# "Avicularia urticans" (Peruvian pinktoe) - ID Help



## JC (Feb 23, 2010)

A friend showed me a picture of his Avicularia female which was sold to him as _*Avicularia urticans*_. I was quite impressed with the color and beauty of this tarantula, but I couldn't remember seeing anything else quite like it. My first impression was that it looked a lot like _Avicularia juruensis_ because of the bands on the legs, but I wasn't too sure of it either. Here she is:









And here is what shows up as A.urticans when run on a search engine:

http://www.kenthebugguy.com/popup_image.php?pID=1069&osCsid=c2902982bb5c52052dd1578dbee402db


----------



## xhexdx (Feb 23, 2010)

I'm not saying either of them is correct (or incorrect), but I'd like to point out that search engines will pull up mislabeled images all the time and are *not* reliable.

EDIT:  I noticed that second pic is from Ken's site.  I would imagine his pics are pretty reliable, but I'm also not very experienced with the Avicularia genus.  I never had much interest in them until recently, and the only two species I have at this point are minatrix and versicolor.


----------



## Jon3800 (Feb 24, 2010)

xhexdx said:


> I'm not saying either of them is correct (or incorrect), but I'd like to point out that search engines will pull up mislabeled images all the time and are *not* reliable.
> 
> This is true.  I gave JC permission to use my picture and it was sold to me as A.urticans, but now as I'm doing research, it's more likely to be Avicularia aurantiaca.  All I can says, it's one  of my Avics thats definetely not handleable


----------



## xhexdx (Feb 24, 2010)

Jon3800 said:


> This is true.  I gave JC permission to use my picture and it was sold to me as A.urticans, but now as I'm doing research, it's more likely to be Avicularia aurantiaca.  All I can says, it's one  of my Avics thats definetely not handleable


I was referring to the other pic, by the way.


----------



## Jon3800 (Feb 24, 2010)

xhexdx said:


> I was referring to the other pic, by the way.


sorry my bad.


----------



## gumby (Feb 24, 2010)

Why are you unable to handle him? I know some Avics are a little more feisty then others but I don't see very many Avics being labeled as be careful don't handle this one.


----------



## Jon3800 (Feb 24, 2010)

JC, might want to take a look at this one 

http://www.arachnopets.com/tarantulas/tgallery/aurticans01.htm,

very similar looking to mine.  There was some flash involved when I took that pic LOL.


----------



## Jon3800 (Feb 24, 2010)

gumby said:


> Why are you unable to handle him? I know some Avics are a little more feisty then others but I don't see very many Avics being labeled as be careful don't handle this one.

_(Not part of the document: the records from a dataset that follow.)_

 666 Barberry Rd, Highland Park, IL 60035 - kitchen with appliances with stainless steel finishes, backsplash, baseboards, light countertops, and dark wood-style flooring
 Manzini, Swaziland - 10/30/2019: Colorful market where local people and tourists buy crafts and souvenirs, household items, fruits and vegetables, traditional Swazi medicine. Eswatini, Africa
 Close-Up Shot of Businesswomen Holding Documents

She tried biting without any threat on 2 different occasions, when I gently prodded her on the abdomen.  My A.versicolor is a lot worse tho... will threat if she's touched in anyway. My P.subfusca is better tempered


----------



## JC (Feb 24, 2010)

Jon3800 said:


> JC, might want to take a look at this one
> 
> http://www.arachnopets.com/tarantulas/tgallery/aurticans01.htm,
> 
> very similar looking to mine.  There was some flash involved when I took that pic LOL.

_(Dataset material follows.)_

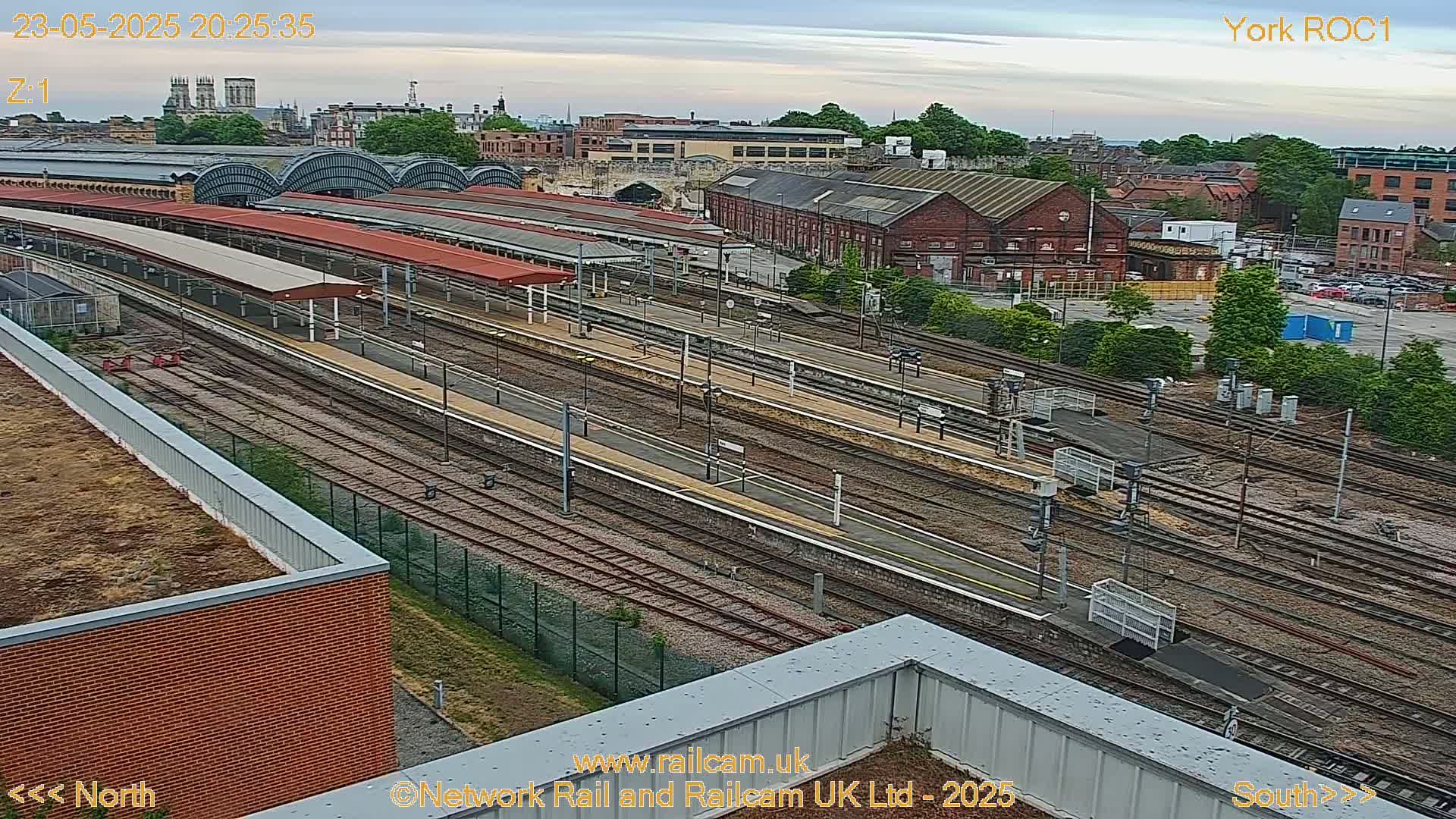 An aerial view of a train station with numerous tracks and platforms under an overcast sky.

I'm starting to think it is Avicularia aurantiaca too. Interesting. The flash is not a problem Jon. If anything it brings out more color. I don't think I would have noticed the purple abdomen if it weren't there.  Also check out this one. Its labeled as Avicularia aurantiaca as well.

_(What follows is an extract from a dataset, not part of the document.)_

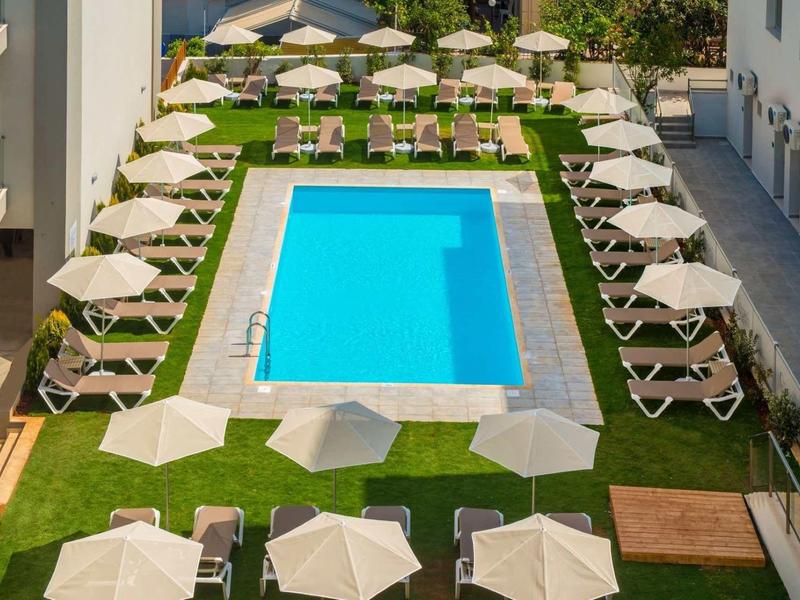 Rechthoekig zwembad met ligstoelen en parasols in een hotel tuin.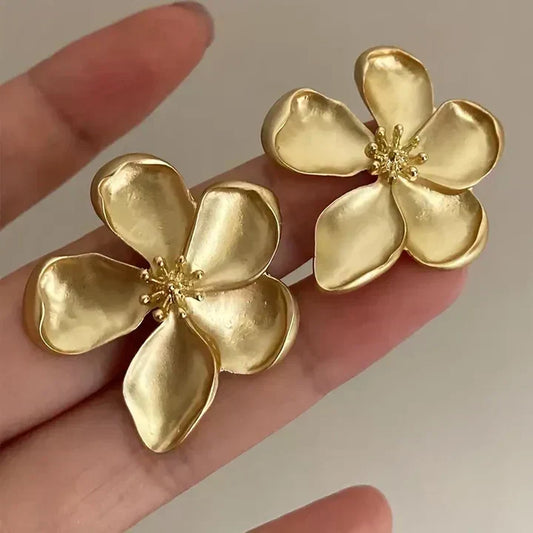 Floral earrings with delicate petals and a sparkling centre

http://www.r-haemmerle.de/images/Avicularia_aurantiaca.jpg

If it is Avicularia aurantiaca it would make sense why Ken's pics are different. By the way I have 6 juvie/adult A.urticans coming in this week from Ken. I will post some pics of those when they get here.


----------



## Jon3800 (Feb 24, 2010)

I've just looked at that very same pic...and I'm like REALLY???
Did Amanda from Tarantula Canada ever get back to you?


----------



## JC (Feb 24, 2010)

Jon3800 said:


> I've just looked at that very same pic...and I'm like REALLY???
> Did Amanda from Tarantula Canada ever get back to you?


No I have not contacted her yet. Will do shortly.


----------



## JC (Feb 25, 2010)

I received my Avicularia urticans group today. Well, they sure don't look like yours Jon, but that's not to say I'm disappointed with what I received. 


_Avicularia urticans_


----------



## Terry D (Feb 26, 2010)

*Sweet spider/ terrible search engines*

JC, The subtle colors of the Avic combined with the fuzziness is interesting. Agreeing with the owner- it looks mean, adds to the allure!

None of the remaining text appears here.